DATA Start Marker
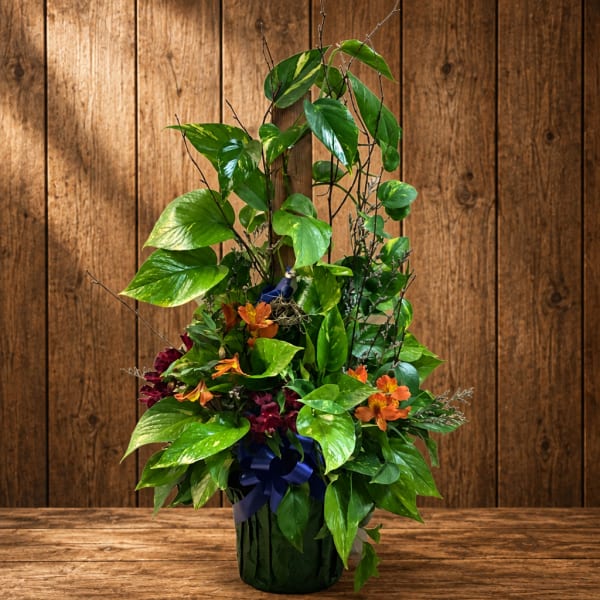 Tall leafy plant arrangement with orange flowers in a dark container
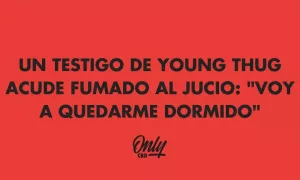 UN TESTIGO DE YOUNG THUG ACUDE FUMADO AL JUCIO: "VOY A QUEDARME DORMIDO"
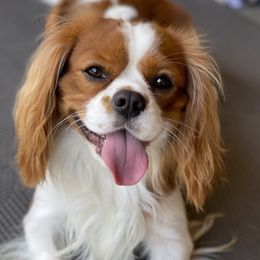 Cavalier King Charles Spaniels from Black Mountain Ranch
DATA End Marker
DATA Start Marker
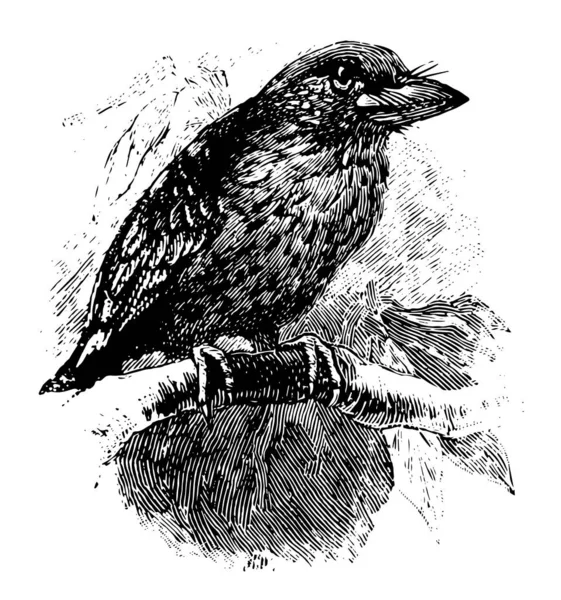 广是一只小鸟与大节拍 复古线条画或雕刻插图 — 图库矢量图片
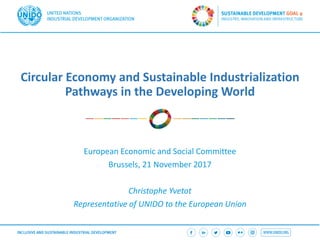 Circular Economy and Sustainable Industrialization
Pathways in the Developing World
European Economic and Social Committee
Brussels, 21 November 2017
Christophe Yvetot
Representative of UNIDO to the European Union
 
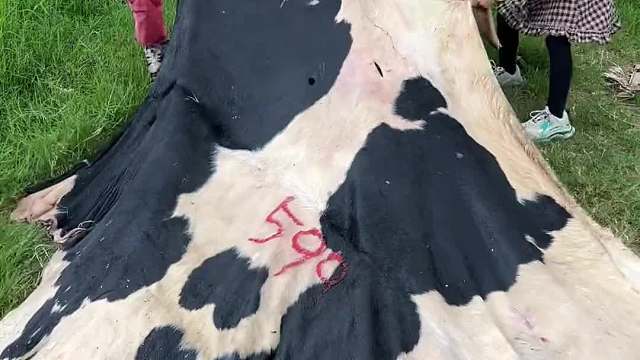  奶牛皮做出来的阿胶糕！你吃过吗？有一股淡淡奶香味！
DATA End Marker
DESCRIPTION OF THE TASK
Whenever a line in the material contains the word "European", copy that line.

OUTPUT
European Economic and Social Committee
Representative of UNIDO to the European Union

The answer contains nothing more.